Self-taught. Now that sounded like something I could do. Sure, it’d take a lot longer, but I could pace myself. Balance work, school and parenting, and get a better understanding about what it meant to be a programmer — before abandoning my 10-year career to start anew.
My earlier passion for programming blossomed — I LOVED every minute of learning to code! Still, I wanted to start slowly. At first the goal was to try to fit in a half hour a day a few days a week around my job and my child. But because building things was so much fun, I quickly found myself coding past 1 am most days! Slowly the realization settled in that programming actually could be the practical path. In fact, all those rules I’d originally had in my head about what was practical vs impractical for my career were all just that…in my head.
Sure, I’d proven that I could be successful in sales, and it was the known and reliable path. But I was realizing now that there were other important things to consider: I wanted my child to have a mother who was living without regrets. A happy mom who is fulfilling her potential is best equipped to raise a happy child who will live out his dreams, I realized. That’s what mattered to me. That’s what I wanted for us.
Finding the time to build my coding skills while working a demanding job and being a full-time single parent (in a pandemic!) took sacrifice. When you become a parent, you’re forced to follow whatever schedule your baby dictates for you and still somehow work and manage the household given the opportunity to really hone those time management skills through lots of practice.
I started with writing a list of my top priorities (be a good mom, switch careers, get rock-hard abs) and became incredibly intentional about my time. It required learning to say “no” to things that didn’t fit my list. I deleted social media and only allowed myself to watch Netflix once a week. I even cut out alcohol because it made me so sluggish the next day. My schedule looked mostly like this:
- Wake up at 6am. Work out.
- Put (sales) work away at 5pm.
- Dedicated family time until 9pm. Put son to bed.
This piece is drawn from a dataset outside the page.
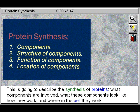This is going to describe the synthesis of proteins: what components are involved, what these components look like, how they work, and where in the cell they work.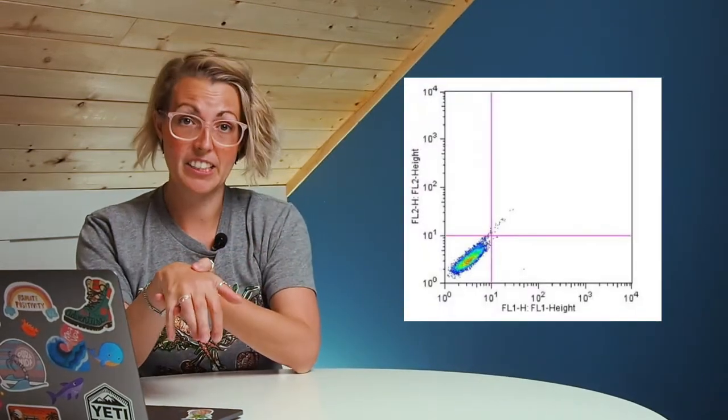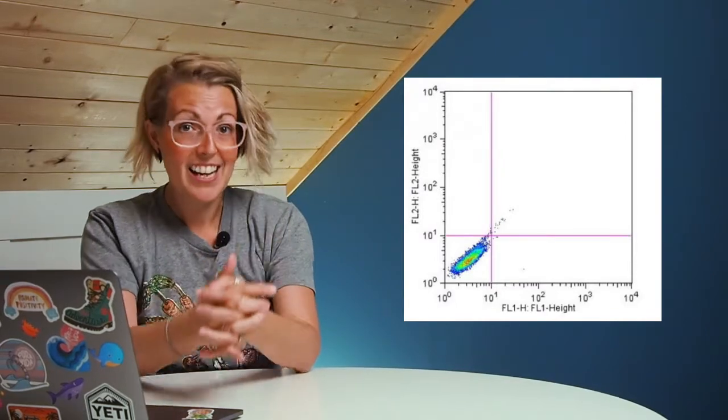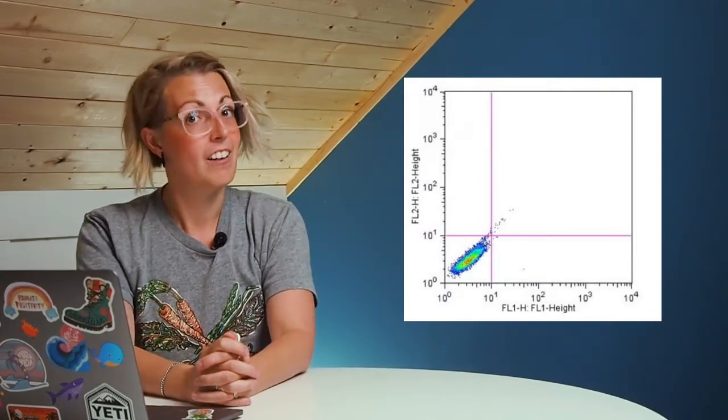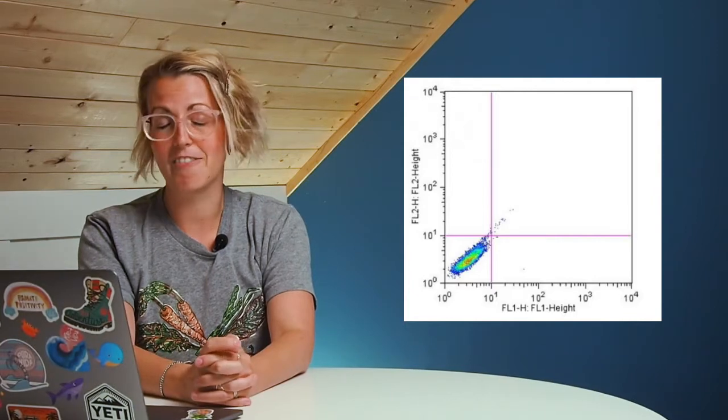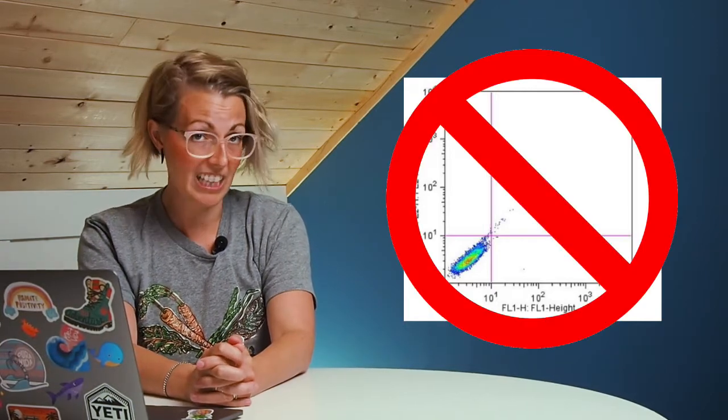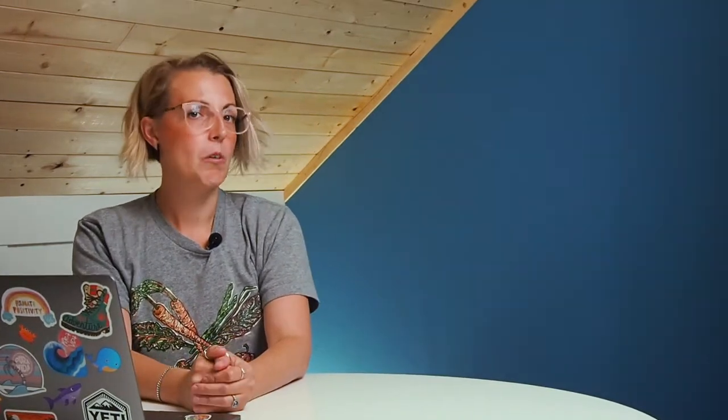Today I'm going to walk you through some easy steps so you can adjust your voltage to get it picture perfect every time. Now back in the old flow days when people were running on analog machines, the logic was you run your unstained cells, put the negatives in the last decade, and you're kind of good to go. On new digital instruments, this is a very bad idea. Do not use this method.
- Code or watch a coding course. Bedtime by 12am (sometimes 1am)
It took more than a year, but I am currently preparing to make a transition to the engineering team at my company.
I want to be completely honest though – every day has not followed a perfect schedule. In fact, it’s safe to say that I never had one “perfect” day, ever. Some days get so crazy that I don’t even get the chance to code.
I tell you this because I want you to understand that there is nothing magical about how I built the skills to switch careers. It all began with me being tired of regretting decisions made in the past and deciding instead to focus on designing my future. Past-me was past, why waste time looking back? I simply decided now was the time to change paths so that future-me will never need to look back with any regrets about today.
What would future-you wish you had done differently today?